Aux États-Unis, si une année électorale se révèle en général être une bonne année boursière, les effets bénéfiques sur l’industrie de la politique de relance du Président Trump tardent à se manifester et le niveau des déficits jumeaux laissent peu de place à la mise en place d’un nouveau dispositif. En outre, sur le plan national, la hausse des coût salariaux, dont le poids n’a pas été intégralement répercuté sur les prix, tend à provoquer un effritement des marges.

Comme souvent au cours des dernières années, les actifs les plus difficiles à appréhender restent les obligations.
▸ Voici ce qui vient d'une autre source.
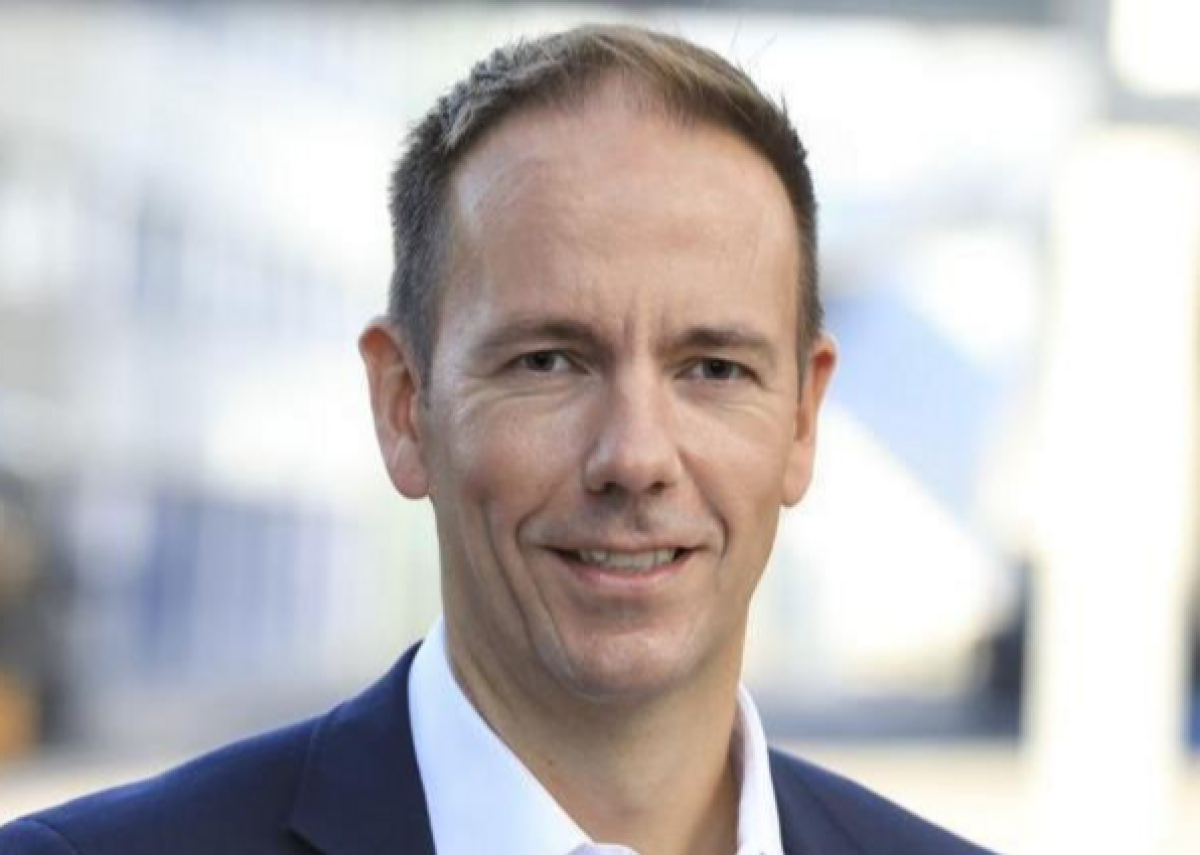 Vertrieb und Marketing der Porsche AG richtet sich neu aus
Sur les niveaux de taux actuels, il paraît difficile d’envisager des performances positives pour 2020. D’autant que ces derniers nous semblent totalement déconnectés de la croissance nominale sous-jacente des différentes zones alors que les Banques centrales ont semblé faire l’aveu de la nécessité de trouver des relais à des politiques monétaires susceptibles d’engendrer des effets négatifs si elles étaient amenées à perdurer.

Par ailleurs, la performance des obligations les plus sûres est surestimée dans les esprits. Rappelons qu’un placement en obligations allemandes a généré sur les cinq dernières années un rendement cumulé de 10,3% et annualisé de 2%. Sur cette période, tout investissement dans une classe d’actifs d’une autre nature, à quelques exceptions près, offrait de meilleurs résultats. Depuis la fin du mois d’août, l’évolution des taux en Europe illustre bien que toute amélioration conjoncturelle se répercute mécaniquement sur ce marché.

Enfin, certains pourraient objecter que nous traversons actuellement le cycle économique américain le plus long depuis l’après-guerre. Toutefois, son intensité reste nettement inférieure aux précédents et les autorités monétaires et budgétaires, conscientes des risques en cas de rupture d’activité, mettent tout en œuvre pour maintenir une croissance de 2%. Un niveau optimal pour l’actionnaire, car assurant une croissance des bénéfices sans faire craindre une hausse des taux susceptible de pénaliser les valorisations.